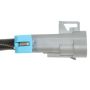 Walker Products 350-34145 Walker Products 350-34145 Oxygen Sensor 4-W Direct Fit Narrow-Band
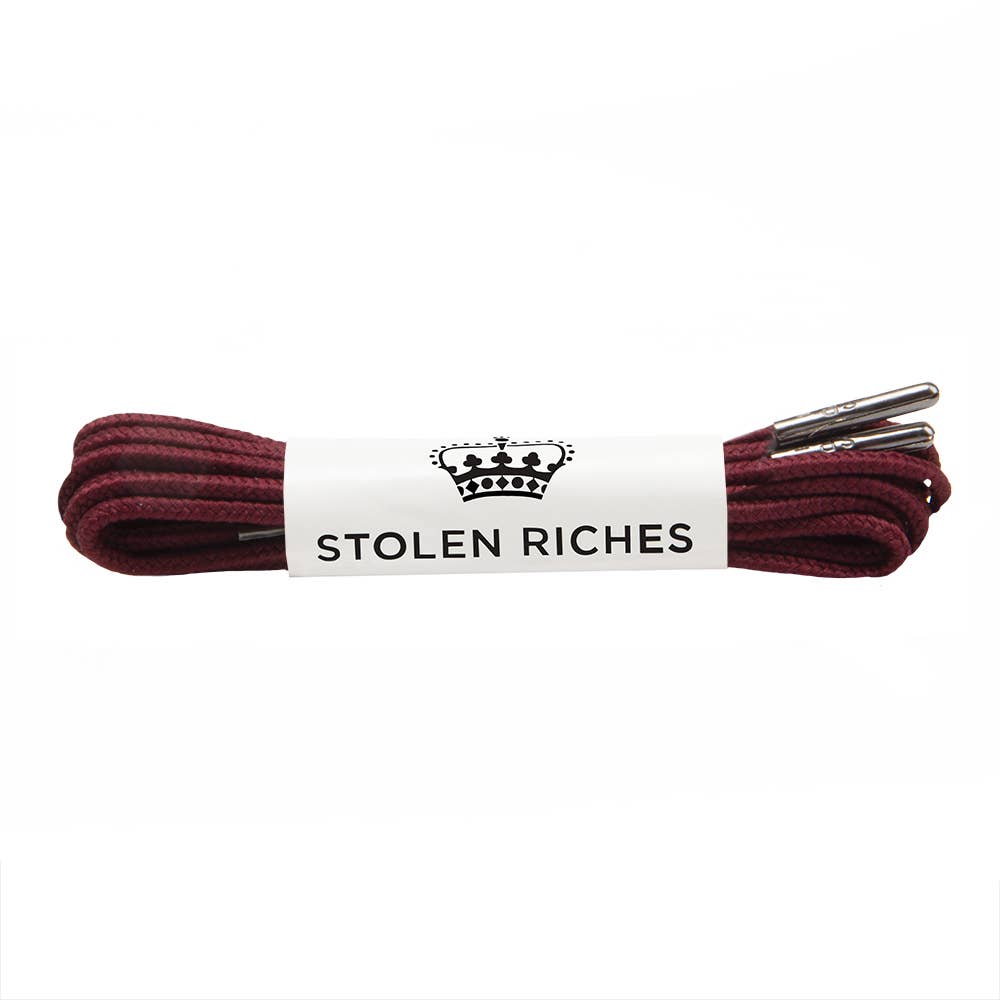 BOOT LACES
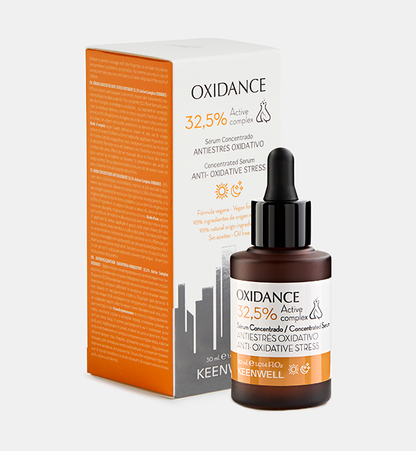 OXIDANCE Anti-Oxidative Stress Concentrated Serum 30 ML
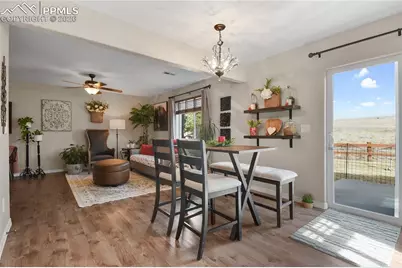 2253 Shady Aspen Drive, Colorado Springs, CO 80921 - Photo 8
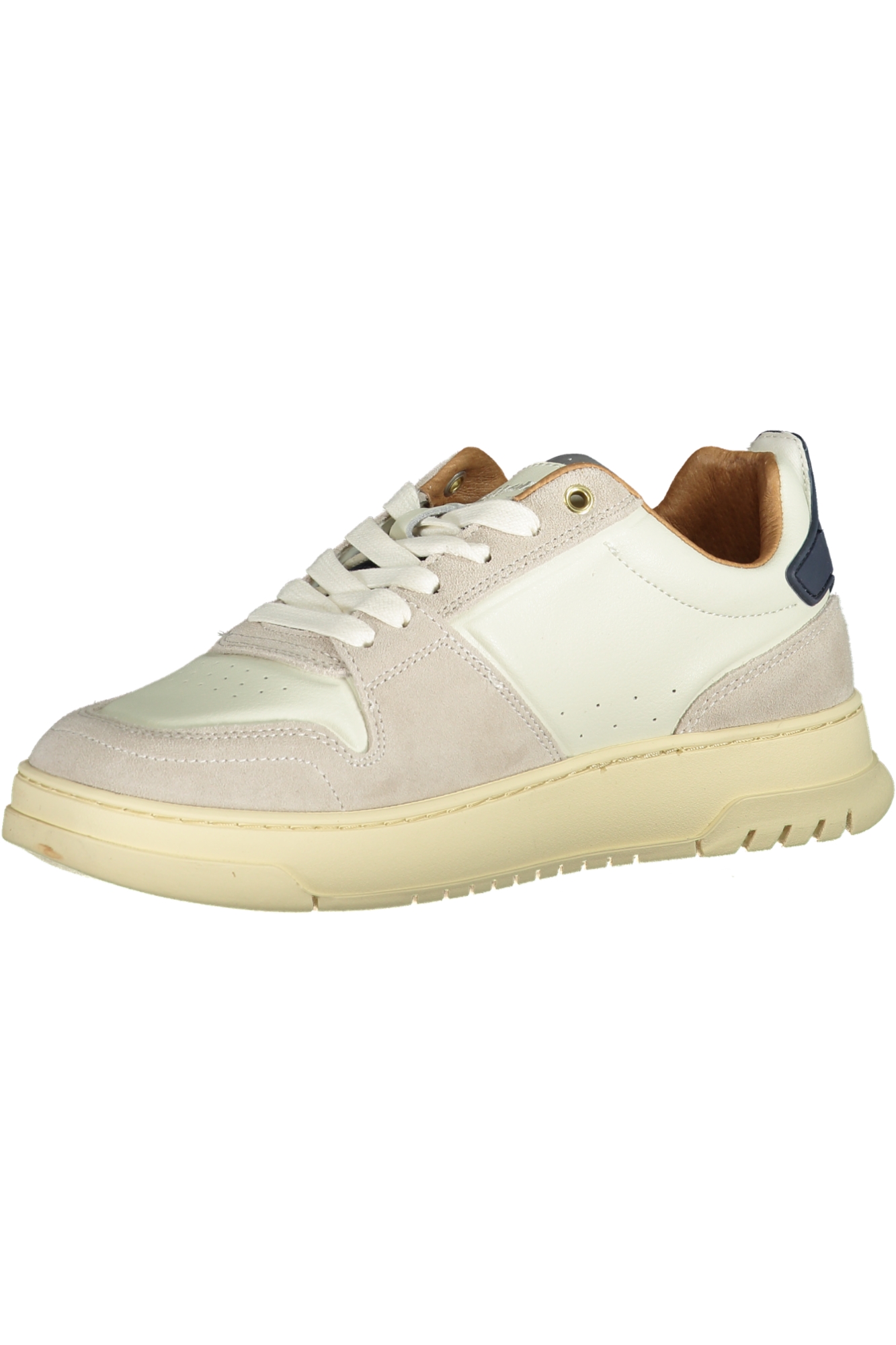 BLAUER CALZATURA SPORTIVA UOMO - Bianco - immagine 3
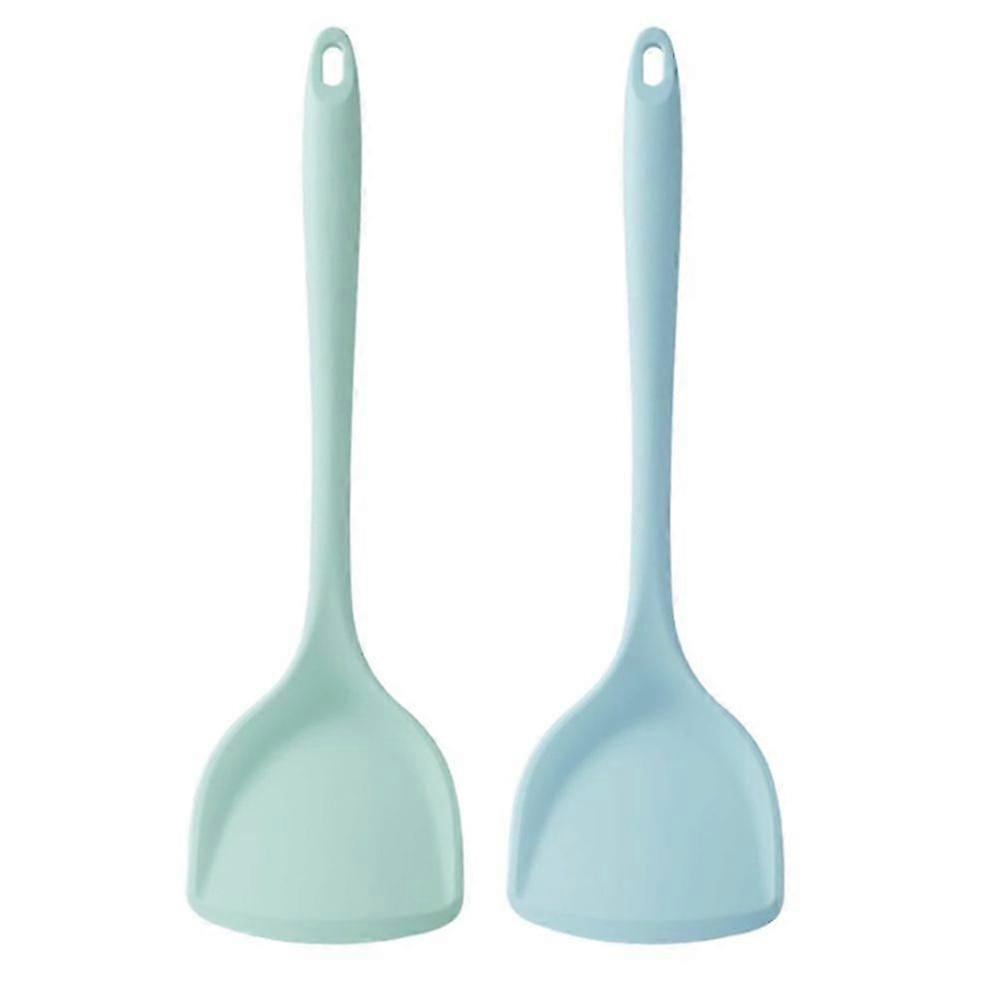 Heat Resistant Flexible Kitchen Spatula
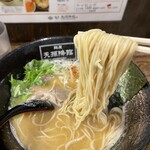 麺屋 天孫降臨 - 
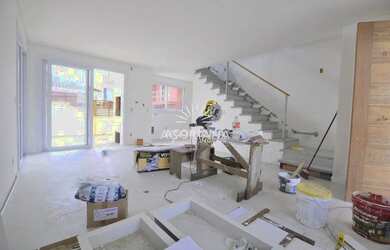 Imagem 6: Casa 3 dormitórios à venda Campeche Florianópolis/SC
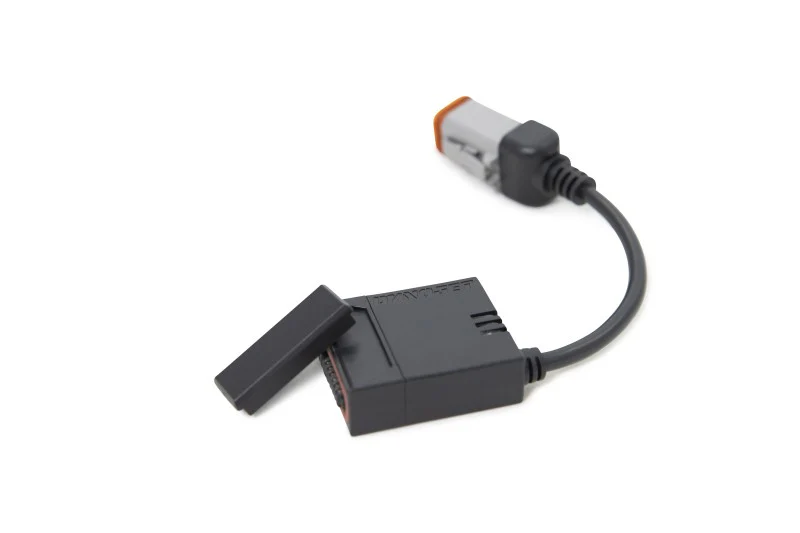 Dynojet 11-20 Harley-Davidson Power Vision 4 - Image 4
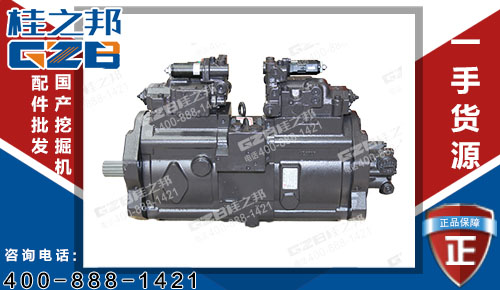 SY205挖掘機液壓泵 SY205挖掘機配件網(wǎng)13390344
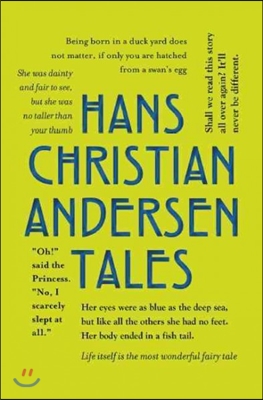 Hans Christian Andersen Tales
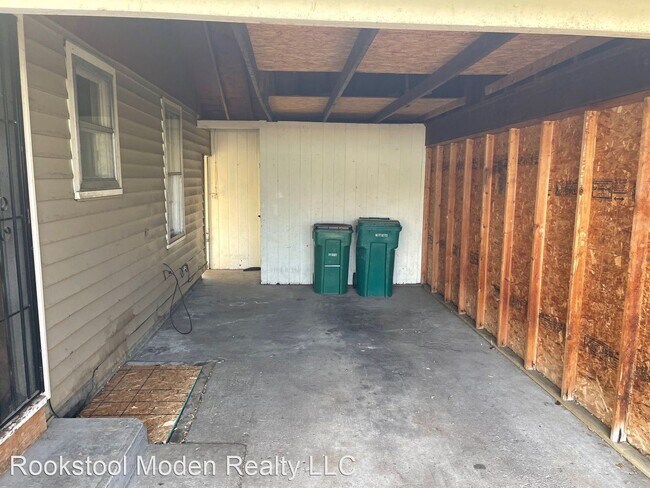 Foto del edificio - 2 br, 1 bath House - 4718 Hilyard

########################################

Problem to work on :: Retype the data above in full, exactly as it stands, and skip any image.

Task answer ::
 Walker Products 350-34145 Walker Products 350-34145 Oxygen Sensor 4-W Direct Fit Narrow-Band
 BOOT LACES
 OXIDANCE Anti-Oxidative Stress Concentrated Serum 30 ML
 2253 Shady Aspen Drive, Colorado Springs, CO 80921 - Photo 8
 BLAUER CALZATURA SPORTIVA UOMO - Bianco - immagine 3
 Heat Resistant Flexible Kitchen Spatula
 麺屋 天孫降臨 - 
 Imagem 6: Casa 3 dormitórios à venda Campeche Florianópolis/SC
 Dynojet 11-20 Harley-Davidson Power Vision 4 - Image 4
 SY205挖掘機液壓泵 SY205挖掘機配件網(wǎng)13390344
 Hans Christian Andersen Tales
 Foto del edificio - 2 br, 1 bath House - 4718 Hilyard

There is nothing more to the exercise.